--- INSTRUCTIONS TO FOLLOW ---
Under this line sits a listing. Repeat exactly and only its lines from the one holding "SenseCAP T1000-E Protective" through the one holding "Vouwbed Luxor 90x200 inclusief beschermhoes"; skip pictures.

--- DATA EXTRACTS ---
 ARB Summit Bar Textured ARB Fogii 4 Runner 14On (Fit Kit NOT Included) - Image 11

---

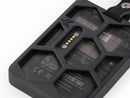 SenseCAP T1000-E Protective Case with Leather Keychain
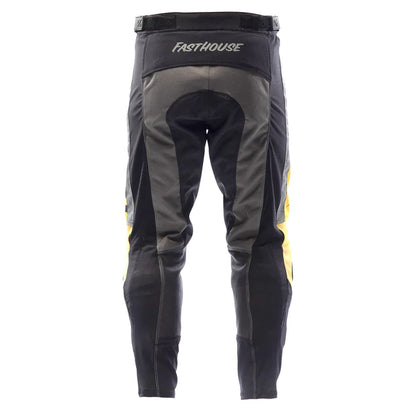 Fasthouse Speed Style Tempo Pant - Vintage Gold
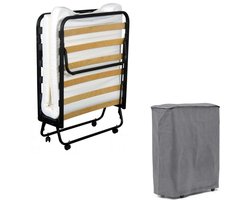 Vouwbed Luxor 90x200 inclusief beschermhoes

...

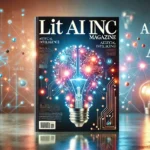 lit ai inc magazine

--- WRITTEN RESPONSE ---
 SenseCAP T1000-E Protective Case with Leather Keychain
 Fasthouse Speed Style Tempo Pant - Vintage Gold
 Vouwbed Luxor 90x200 inclusief beschermhoes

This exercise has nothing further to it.